攝影、出品人焦峰(左),導演蔡成傑(右)

在劇本的創作階段,蔡成傑和主創團隊就在思考:用什麼樣的方式來呈現這個故事?他們拿各種設備進行嘗試拍攝和剪裁,最終他們選擇了4:3畫幅,固定鏡頭拍攝,以及黑白穿插的某些彩色的影像風格。
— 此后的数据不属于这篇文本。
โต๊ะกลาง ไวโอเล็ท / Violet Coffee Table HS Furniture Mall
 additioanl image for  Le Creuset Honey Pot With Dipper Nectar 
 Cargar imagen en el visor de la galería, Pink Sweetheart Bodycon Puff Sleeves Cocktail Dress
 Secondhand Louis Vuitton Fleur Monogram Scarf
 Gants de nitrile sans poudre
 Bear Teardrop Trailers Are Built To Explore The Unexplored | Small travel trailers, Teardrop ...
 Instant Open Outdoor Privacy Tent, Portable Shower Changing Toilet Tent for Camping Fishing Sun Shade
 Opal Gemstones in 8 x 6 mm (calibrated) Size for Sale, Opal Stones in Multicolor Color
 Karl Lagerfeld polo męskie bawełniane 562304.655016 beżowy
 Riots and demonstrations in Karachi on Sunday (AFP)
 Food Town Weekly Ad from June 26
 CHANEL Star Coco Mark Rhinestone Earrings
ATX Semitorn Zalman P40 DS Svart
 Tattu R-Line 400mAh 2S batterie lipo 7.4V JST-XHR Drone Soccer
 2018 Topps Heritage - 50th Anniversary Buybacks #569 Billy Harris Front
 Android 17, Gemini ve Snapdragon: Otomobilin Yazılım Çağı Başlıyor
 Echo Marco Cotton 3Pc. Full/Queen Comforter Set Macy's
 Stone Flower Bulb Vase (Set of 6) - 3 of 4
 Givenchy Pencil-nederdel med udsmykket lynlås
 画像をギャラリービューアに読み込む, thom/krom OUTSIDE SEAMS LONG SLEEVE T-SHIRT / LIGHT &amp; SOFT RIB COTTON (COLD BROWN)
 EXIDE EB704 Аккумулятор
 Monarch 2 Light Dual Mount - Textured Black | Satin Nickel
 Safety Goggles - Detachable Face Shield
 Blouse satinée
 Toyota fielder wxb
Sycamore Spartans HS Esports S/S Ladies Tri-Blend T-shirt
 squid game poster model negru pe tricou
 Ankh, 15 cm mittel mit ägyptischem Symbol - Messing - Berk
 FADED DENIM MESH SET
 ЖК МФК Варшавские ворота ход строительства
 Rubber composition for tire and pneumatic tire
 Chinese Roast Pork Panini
聊到這裡,蔡成傑說到,現在4:3的畫幅和固定鏡頭的運用,在電影中已經不常見,當大家看這種畫幅的時候,首先會產生時間感和距離感,並且畫面傳達出一種冷靜、剋制的觀察。他和攝影團隊都覺得這種視聽語言比較適合故事基調。拍攝中,他們直接不讓機器參與更多、或者帶有強烈的情緒,只是將場景和人物放在鏡頭裡,更觀眾去觀察,去思考。

此外,蔡成傑拋棄了鏡頭敘事的方式,更多的用色彩來做敘事推進。電影中黑白影像夾雜著個別彩色的畫面,在他看來,主要的目的有兩個:第一是區分現實與非現實,第二就是塑造人物內心世界。

電影中,現實是黑白的、冷的,非現實是彩色的、暖的。比如,電影開始王二好在彌留之際,和丈夫大勇子講述童年時代害死了自己的弟弟,這種內心的隱痛只有在垂死之時才會被回憶起來。這也是人生最開始的痛點,也是非現實空間發生的幻象;

而電影黑白的世界裡,偶爾的火盆、彩色的玻璃窗,雪景這些彩色元素,都有烘托氛圍和揭露主角內心世界的走向寓意。比如:電影開頭二好躺在炕上,講她與丈夫的經歷的時候,後面出現的彩燈。這代表著王二好雖然嘗盡人情悲苦,但是內心依舊存在溫暖。電影里,蔡成傑用非常直觀的畫面,讓觀眾直觀的感受到了這一點。

9天拍完,卻受到國際電影節的青睞

大多數導演處女作的創作,都能道出一把辛酸淚,蔡成傑也不例外,雖然在央視工作多年,在拍攝上有著豐富的經驗,但是到真正的拍攝時,同樣遇到不少導演都會遇到的苦難。

劇照(電影原名《小寡婦成仙記》)

在劇本完成之後,蔡成傑遇到了一個大難題,就是沒有合適的演員。演員副導演陸續送來了很多女主角候選人的資料,但都沒讓導演滿意的人選。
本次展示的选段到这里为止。